But really, if you’re a person who loves to watch the sport but hasn’t committed yet to learning the stats beyond batting average and ERA, this is a great time to do it—in a few years, when the games are hopefully a bit easier to watch, you’ll probably be happy to have a greater understanding of what it means and how we got there. And even if in a few years, the Mariners, you know, Mariner—knowing more stuff still seems good.

Eric: The Vogelbachening Continues

In both our preseason coLLab piece reviewing the Mariners’ offseason and in the 40 in 40 preview on Daniel Vogelbach, I wrote at length about my hope that Vogelbach would get the playing time he has earned in order to prove once and for all whether or not he can stick as an everyday MLB player. So far, the results are very encouraging!


Would he have gotten as many starts so far if Kyle Seager hadn’t injured his hand, forcing Ryon Healy off the first base/DH logjam to cover third base? Probably not! But, exactly like I had hoped before the season started, Vogey got his chance to start regularly anyways and he is doing the damn thing. The plate discipline is otherworldly at times. He’s hitting in the big moments, too, delivering game-winning and game-tying home runs. There have been multiple anecdotes about how much time he spends reviewing video of at-bats and studying opposing pitchers. As hard as he worked to get to the MLB level, it’s awesome to see him continuing to work hard to do everything in his power to make sure he stays. I am so damn happy that he finally got his shot that and that he’s truly making the most of it. That alone has made 2019 worth following along through all the ups and downs. We are witnessing Daniel Vogelbach finally achieve his true calling of being an AL designated hitter and it’s everything I had reasonably hoped it would be.

Amanda: Look for the stories and the joy

”I think about the cosmic snowball theory. A few million years from now the sun will burn out and lose its gravitational pull. The earth will turn into a giant snowball and be hurled through space. When that happens it won’t matter if I get this guy out.”

Bill “Spaceman” Lee said this when asked how he stays calm in pressure situations. It’s a quote I discovered late in high school, and it’s something I’ve gone back to at many points in my life while stressing out over events with varying degrees of meaningfulness. And it’s true; in the grand scheme of the world and the cosmos, the Mariners don’t matter. The number of lives their win-loss record effects on a global scale is exceedingly minimal. Even so, it does matter to some degree. Who among us hasn’t had our mood affected by the Mariners? We can reason it away and think about cosmic snowballs, but the truth is, it does affect our lives and since we’re the ones living our lives, it matters to us.

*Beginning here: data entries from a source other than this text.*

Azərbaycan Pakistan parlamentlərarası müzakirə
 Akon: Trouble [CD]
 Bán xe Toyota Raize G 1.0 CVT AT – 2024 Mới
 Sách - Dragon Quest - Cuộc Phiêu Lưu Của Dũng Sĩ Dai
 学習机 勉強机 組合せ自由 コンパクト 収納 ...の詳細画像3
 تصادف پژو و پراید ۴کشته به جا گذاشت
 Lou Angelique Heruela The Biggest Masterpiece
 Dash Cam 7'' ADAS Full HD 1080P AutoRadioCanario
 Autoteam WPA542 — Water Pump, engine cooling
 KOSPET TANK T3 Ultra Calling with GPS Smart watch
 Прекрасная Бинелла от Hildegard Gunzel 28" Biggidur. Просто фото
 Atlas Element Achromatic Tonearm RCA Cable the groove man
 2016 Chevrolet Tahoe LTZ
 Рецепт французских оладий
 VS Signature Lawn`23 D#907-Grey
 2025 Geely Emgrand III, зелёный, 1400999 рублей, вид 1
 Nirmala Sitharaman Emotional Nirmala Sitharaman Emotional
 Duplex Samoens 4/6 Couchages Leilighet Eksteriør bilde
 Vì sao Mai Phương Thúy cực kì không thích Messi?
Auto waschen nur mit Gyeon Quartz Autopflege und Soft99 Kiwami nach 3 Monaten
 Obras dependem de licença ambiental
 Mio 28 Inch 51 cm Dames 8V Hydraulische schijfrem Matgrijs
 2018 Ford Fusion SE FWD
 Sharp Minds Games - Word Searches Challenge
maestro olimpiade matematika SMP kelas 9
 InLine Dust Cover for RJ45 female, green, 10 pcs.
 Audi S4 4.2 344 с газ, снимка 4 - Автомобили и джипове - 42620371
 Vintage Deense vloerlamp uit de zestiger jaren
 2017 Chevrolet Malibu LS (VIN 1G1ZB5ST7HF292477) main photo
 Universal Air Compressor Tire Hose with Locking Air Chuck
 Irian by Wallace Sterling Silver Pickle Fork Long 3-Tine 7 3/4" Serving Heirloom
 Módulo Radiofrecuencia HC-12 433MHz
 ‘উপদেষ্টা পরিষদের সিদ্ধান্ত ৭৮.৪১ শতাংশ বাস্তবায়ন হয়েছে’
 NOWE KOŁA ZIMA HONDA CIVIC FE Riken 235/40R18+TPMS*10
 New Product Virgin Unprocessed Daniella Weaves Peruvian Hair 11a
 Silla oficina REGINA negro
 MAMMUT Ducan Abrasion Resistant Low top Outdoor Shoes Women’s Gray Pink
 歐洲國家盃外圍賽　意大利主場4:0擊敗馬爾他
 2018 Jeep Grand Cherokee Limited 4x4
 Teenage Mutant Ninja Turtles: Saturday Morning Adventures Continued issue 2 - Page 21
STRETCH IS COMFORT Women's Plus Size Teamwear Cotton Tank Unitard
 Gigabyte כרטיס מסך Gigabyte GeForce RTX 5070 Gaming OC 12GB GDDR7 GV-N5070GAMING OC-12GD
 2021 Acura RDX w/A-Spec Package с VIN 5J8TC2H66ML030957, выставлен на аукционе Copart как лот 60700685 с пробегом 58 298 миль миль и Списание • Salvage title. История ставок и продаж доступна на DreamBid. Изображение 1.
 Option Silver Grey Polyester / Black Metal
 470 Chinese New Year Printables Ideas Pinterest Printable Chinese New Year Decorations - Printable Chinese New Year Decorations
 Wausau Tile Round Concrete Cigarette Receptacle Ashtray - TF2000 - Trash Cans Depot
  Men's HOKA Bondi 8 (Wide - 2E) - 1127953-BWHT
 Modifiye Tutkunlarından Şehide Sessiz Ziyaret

The cosmic snowball is a good starting off point. On a personal level, I’ve watched a cascade of rough life things affect people I’m close to recently. It’s life, but it’s also hard. After rough events we often issue platitudes to be thankful for every day, to hug your loved ones, to learn to be grateful for what you have. This Mariners season is a crash course in fully cherishing and embracing the good moments while expecting and knowing the bad will come. This is a hard thing to do in life, and it can be easy to get wrapped up in what the Mariners can do (hit ALL THE dingers) and lash out when they don’t do it.

This season, so far, we have watched nine players make their major league debut. Nine dreams have come true, nine times years of sacrifice and grind has paid off. This season we have real live legitimate prospects and we get watch dreams on the cusp, and dreams come true. For example, Parker Markel was pitching in an independent league last year, hanging on for one final ride. He got to pitch in the major leagues at Fenway Park. There are beautiful moments happening in these games. The stories are wonderful. And you know what, life kinda sucks sometimes and eventually we’ll be hurled through space like a cosmic snowball. Before that happens though, we get to live vicariously through players experiencing pure joy. Part of baseball’s appeal has always been its stories. The 2019 Mariners have stories galore.

Nick: 10 Reasons to Watch the Mariners This Year

I interpreted this prompt as not so much how one could watch, but why one would watch. I think there are several reasons to watch (baseball!), but here are the ten best.

1. They’re playing on the TV in the bar you’re in and the bartender refuses to turn the channel.

2. You fell on the bar trying to reach the TV and now you cannot move your neck.

3. The EMTs are forcing you to keep your eyes open while you are face up on the bar because you have a concussion and if you fall asleep you might die.

4. Can JP Crawford drive the inside pitch?

5. The police are holding you for questioning in the bar because you threatened the EMTs and Cory Gearrin’s family.

6. Can Shed Long develop defensively enough to be a regular next year?

7. You have been ordered to watch every game by a creative and malicious judge as punishment for “borrowing” the officer’s pistol to “turn off” the bar’s television.

8. Will Justus Sheffield ever refine his fastball command and throw his changeup?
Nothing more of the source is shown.